While the RNC didn’t take that drastic step, it appears that several state parties are willing to do the party’s dirty work for the President by scrapping their traditional primaries. They seem to have no concern whatsoever for those rank-and-file Republican voters they’re suddenly disenfranchising.
Nor, apparently, do they believe in competition.
Republican voters in those states, including Trump supporters, should be outraged that they’ll have absolutely no say in selecting their party’s presidential nominee. The arrogance displayed by state party leaders is astounding. What they’re really saying is, “We know better than the voters what’s good for them. Their voice really doesn’t matter.”
It’s also a cowardly act and begs the question. What exactly is President Trump and the party’s hierarchy really afraid of?
Even Richard Nixon, whose presidency ended in disgrace two years later, never tried to convince the Republican Party to cancel any of its primaries when he was challenged from both the left and right for his own party’s nomination in 1972.
Nixon, who was as politically paranoid as anyone — well, almost anyone — never felt seriously threatened by the antiwar candidacy of Rep. Paul N. McCloskey of California or by the conservative challenge launched by Rep. John M. Ashbrook of Ohio.
McCloskey, who dropped out of the race after polling nearly 20 percent of the vote in the first-in-the-nation New Hampshire primary on March 7th, and Ashbrook, who undauntedly remained in the race until the bitter end — polling 224,922 votes, or close to 10 percent, against Nixon in the delegate-rich California primary in June — appeared on the ballot against the incumbent President in a majority of the twenty Republican primaries held that year. McCloskey appeared on the ballot in eleven primaries while Ashbrook ran in ten states, actively campaigning in several of them.

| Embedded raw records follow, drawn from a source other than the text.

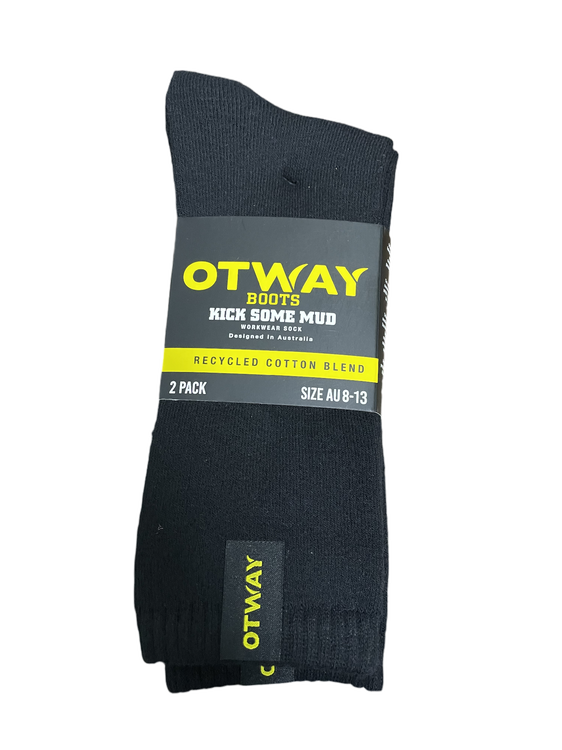 Otway Work Socks 2 Pack - Black [Siz:8-13]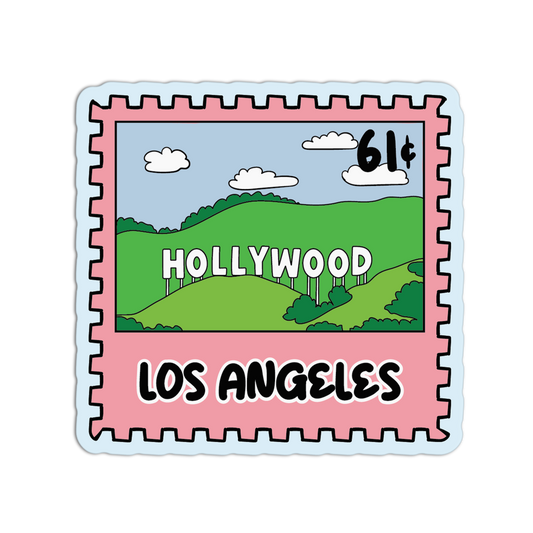 Los Angeles California Stamp Textured Stickers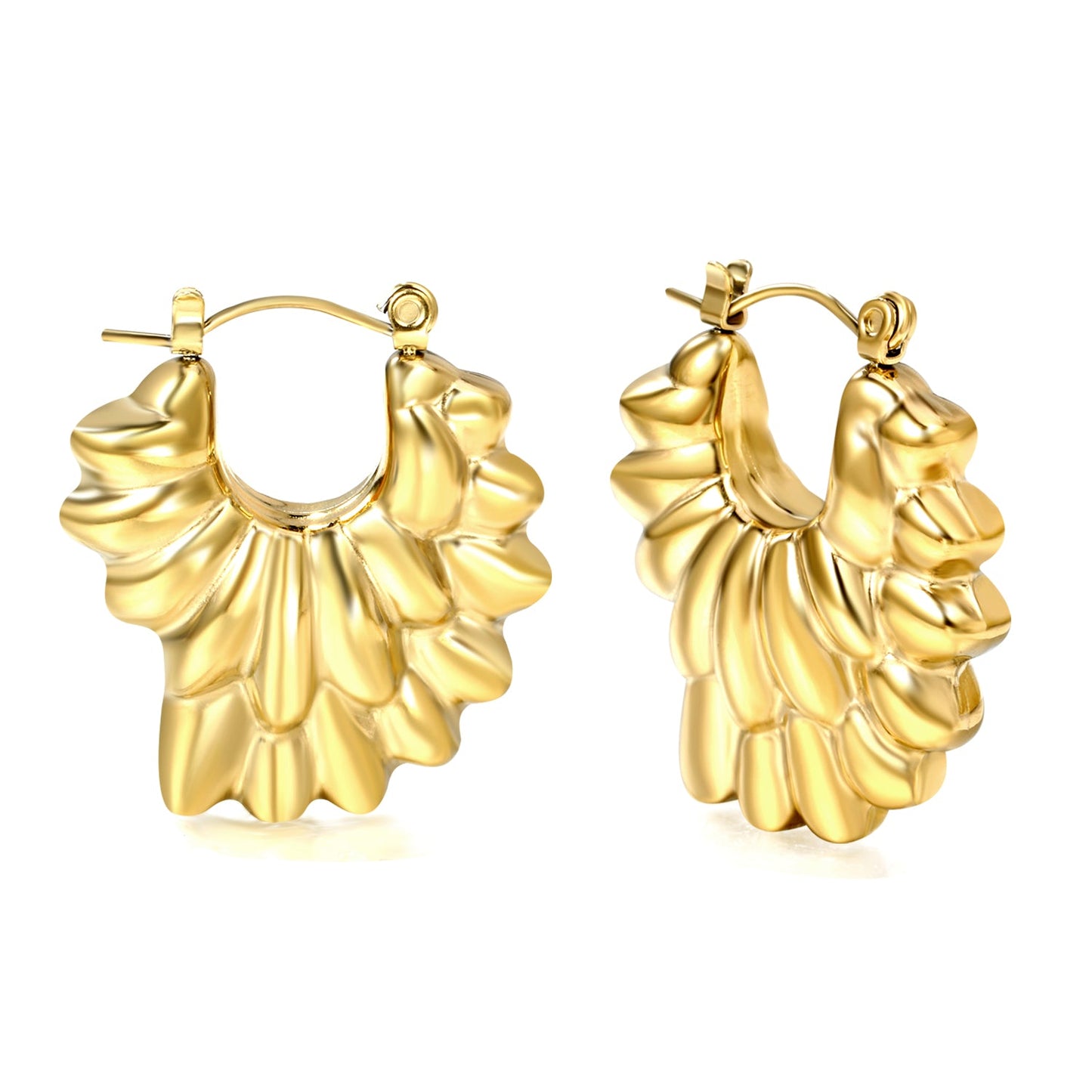 Hollow shaped double-layer petal gold-colored ear clips 26.3*27.4mm asonjewelry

Ignoring his primary challengers, Nixon went on to win the general election with a staggering 60.7 percent of the vote nationally.
Again, it begs the question. What exactly is President Trump afraid of?
Rocky De La Fuente is a successful California real estate developer and businessman challenging President Trump for the Republican presidential nomination. He was the Reform Party’s candidate for President in 2016.